Asked why he included his remarks about diversity in his recent State of the City address, Garcia said: “It is distressing for me to see some of things said nationwide in connection with that.”
Garcia cited a recent a dinner he had been invited to.
“It was at the home of a Syrian doctor. He is one of our local residents. A great taxpayer, a great citizen, with wonderful family. There were 20 other doctors there at dinner and I heard their story. They are in our Valley because of the treatment they get here. Some of the doctors have been to Harvard and Yale, some settled in Canada for a bit, others in the northeast. Hearing from friends, the way things are in this area, once they visit they relocate the family here.”
Garcia praised Edinburg residents and the Valley generally for welcoming new talent. It is a comment this reporter has heard McAllen Mayor Jim Darling mention also.
“There were Indian doctors, Lebanese doctors, and other Middle Eastern folks at the dinner,” Garcia said. “We are a diverse community, we treat people the way they should be treated. And, we all strive for the same thing. This is what the United States should be emulating at this time, instead of being so divisive.”
The theme of Garcia’s State of the City address was “Flying High.” Videos played at the event showed a bird’s eye view of Edinburg and the tremendous growth it is experiencing. Asked why he chose this theme, Garcia said:
“We are doing better than we have ever done. Flying High means, we are growing big, completely transforming the city from what it was to a destination city. There is so much growth we had to get up really high to see everything.”
Asked if he ever imagined such growth when he was growing up, Edinburg native Garcia said:
“Never in my wildest dreams. When I was a kid, growing up, it was a big deal to take a trip to McAllen, Texas, to go to the only big box around, which was Sears. I remember being a kid in high school and going to the drive-in theater, which was way out in the country in McAllen, on the corner of what is now Nolana and 10th Street. You had to drive out through the orchards and the fields to get there. Now, the dividing lines between the cities are fading and we are becoming one area that can become very important to the state and to the nation.”
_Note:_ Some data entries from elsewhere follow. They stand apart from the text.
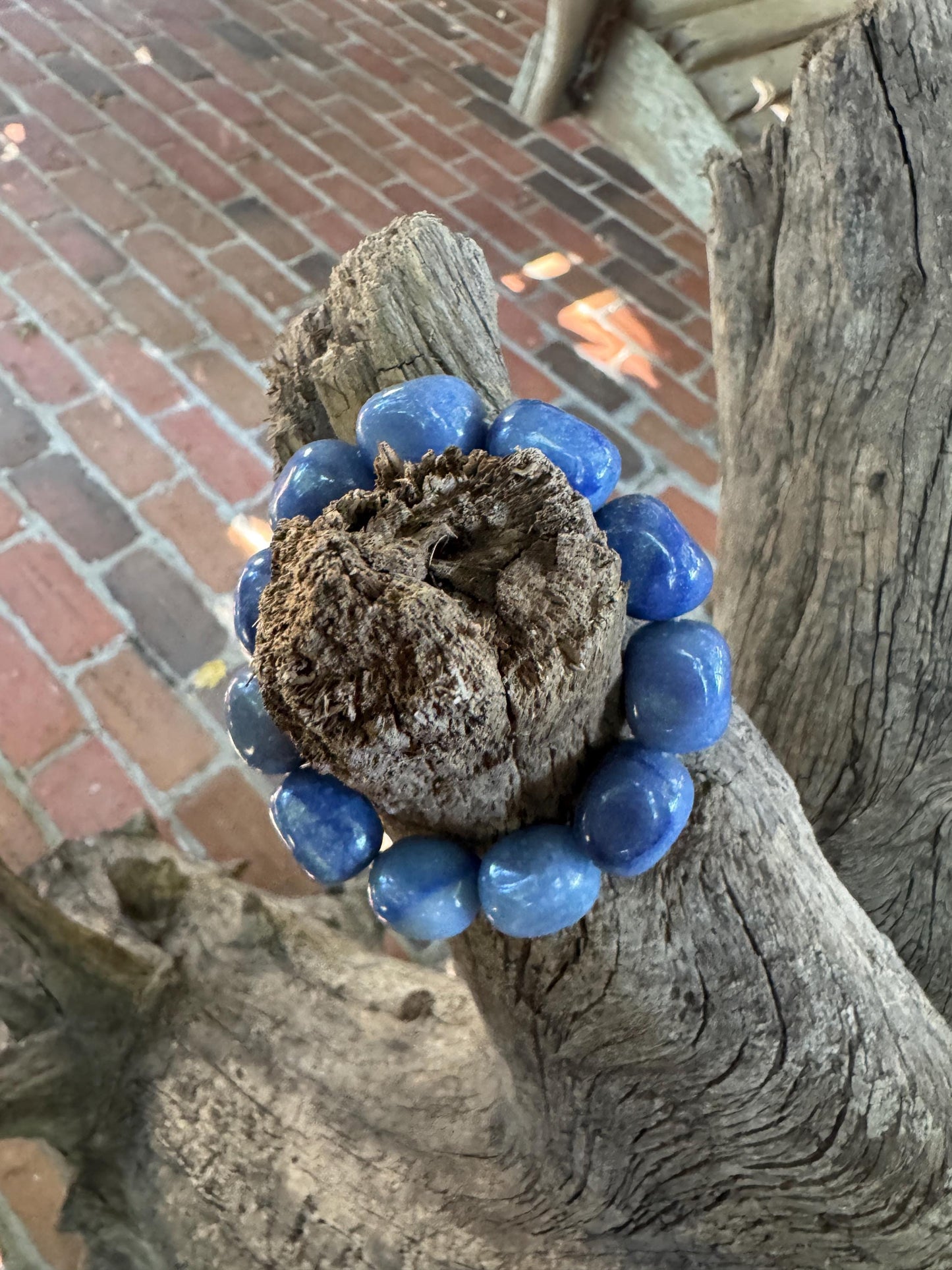 Blue Lazulite Bracelet From Madagascar 82g 6.75" hole Specimen Mineral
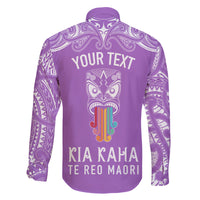 Personalised Kia Kaha Te Reo Maori Family Matching Tank Maxi Dress and Hawaiian Shirt Hei Tiki Mix Koru - Purple LT7 - Polynesian Pride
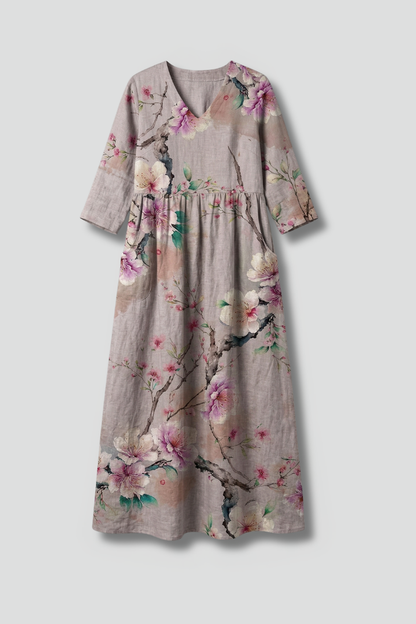Women’s Maxi Dress with V Neckline and Floral Pattern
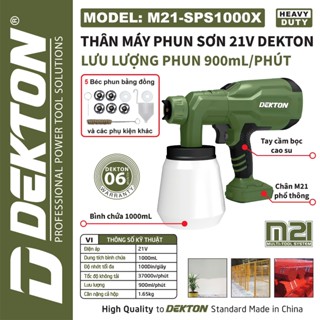 Máy Phun Sơn Dekton M21-SPS1000X | Lưu Lượng 900ml/phút | Bình 1000ml | Chân Pin Phổ Thông ( chưa pin sạc)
Asked about Edinburg’s population growth, Garcia said he doubts the U.S. Census Bureau has got a handle on the real number.
“We are hearing that our population is anywhere between 87,000 and 89,000. I have no doubt that we are at 100,000. The university’s predictions to us are that within five years, McAllen’s and Edinburg’s population should be pretty much equal. There is so much room to grow north. Mayor Darling said it in his State of the City – that the university’s projections are that 90 percent of the new growth is going to be north of 107. So, McAllen will be growing in that direction. We will too. The difference is, we have so much more space for the growth.”
Garcia ended his interview by saying he is and would rather be more lucky than good.